↓

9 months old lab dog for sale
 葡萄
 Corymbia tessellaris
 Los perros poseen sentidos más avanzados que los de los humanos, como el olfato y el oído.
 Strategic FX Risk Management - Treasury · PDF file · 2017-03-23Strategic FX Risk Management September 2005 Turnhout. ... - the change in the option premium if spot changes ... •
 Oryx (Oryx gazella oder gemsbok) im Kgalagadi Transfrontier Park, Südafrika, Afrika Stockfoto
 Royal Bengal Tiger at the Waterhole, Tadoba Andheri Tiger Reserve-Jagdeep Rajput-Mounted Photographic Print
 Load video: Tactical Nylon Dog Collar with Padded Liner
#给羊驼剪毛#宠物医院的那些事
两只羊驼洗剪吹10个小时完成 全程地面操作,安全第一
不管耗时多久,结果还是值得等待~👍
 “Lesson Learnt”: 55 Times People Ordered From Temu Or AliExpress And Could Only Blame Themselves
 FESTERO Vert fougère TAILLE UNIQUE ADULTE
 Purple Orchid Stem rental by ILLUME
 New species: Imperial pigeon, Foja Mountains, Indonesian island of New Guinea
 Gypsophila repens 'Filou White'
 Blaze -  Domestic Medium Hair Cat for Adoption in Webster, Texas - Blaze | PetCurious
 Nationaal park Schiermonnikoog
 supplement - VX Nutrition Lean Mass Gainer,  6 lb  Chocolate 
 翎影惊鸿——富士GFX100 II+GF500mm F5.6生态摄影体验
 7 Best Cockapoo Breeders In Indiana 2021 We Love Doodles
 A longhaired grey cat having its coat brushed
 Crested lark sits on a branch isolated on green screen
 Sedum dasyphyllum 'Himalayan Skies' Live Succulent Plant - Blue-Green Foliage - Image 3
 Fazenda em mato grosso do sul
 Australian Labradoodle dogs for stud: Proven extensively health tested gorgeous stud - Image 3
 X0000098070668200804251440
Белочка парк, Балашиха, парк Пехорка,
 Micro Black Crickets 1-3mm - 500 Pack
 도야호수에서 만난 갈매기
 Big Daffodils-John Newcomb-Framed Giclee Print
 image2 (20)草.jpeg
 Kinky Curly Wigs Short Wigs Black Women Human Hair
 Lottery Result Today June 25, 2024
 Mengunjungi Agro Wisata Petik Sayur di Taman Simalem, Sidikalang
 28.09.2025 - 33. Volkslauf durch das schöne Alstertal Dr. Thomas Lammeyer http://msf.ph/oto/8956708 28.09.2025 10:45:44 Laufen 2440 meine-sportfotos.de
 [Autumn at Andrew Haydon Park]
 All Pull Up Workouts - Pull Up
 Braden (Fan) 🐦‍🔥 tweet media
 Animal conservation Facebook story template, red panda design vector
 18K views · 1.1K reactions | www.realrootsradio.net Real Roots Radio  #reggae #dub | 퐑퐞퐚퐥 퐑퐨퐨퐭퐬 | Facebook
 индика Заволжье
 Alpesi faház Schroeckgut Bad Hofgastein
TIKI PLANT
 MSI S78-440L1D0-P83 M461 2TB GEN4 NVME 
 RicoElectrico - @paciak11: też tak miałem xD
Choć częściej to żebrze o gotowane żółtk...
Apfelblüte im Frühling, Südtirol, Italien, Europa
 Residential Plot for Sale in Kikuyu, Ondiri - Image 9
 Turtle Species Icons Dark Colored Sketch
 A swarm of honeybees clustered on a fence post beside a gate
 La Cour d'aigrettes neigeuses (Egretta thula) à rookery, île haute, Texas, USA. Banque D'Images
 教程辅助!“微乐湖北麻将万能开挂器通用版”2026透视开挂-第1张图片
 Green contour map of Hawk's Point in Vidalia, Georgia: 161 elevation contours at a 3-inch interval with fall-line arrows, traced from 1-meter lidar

↑

INSTRUCTIONS FOR THE TASK: Pull out all lines from the entries above in which the word "Black" appears.

RESULT FOR THIS EXERCISE:
 Micro Black Crickets 1-3mm - 500 Pack
 Kinky Curly Wigs Short Wigs Black Women Human Hair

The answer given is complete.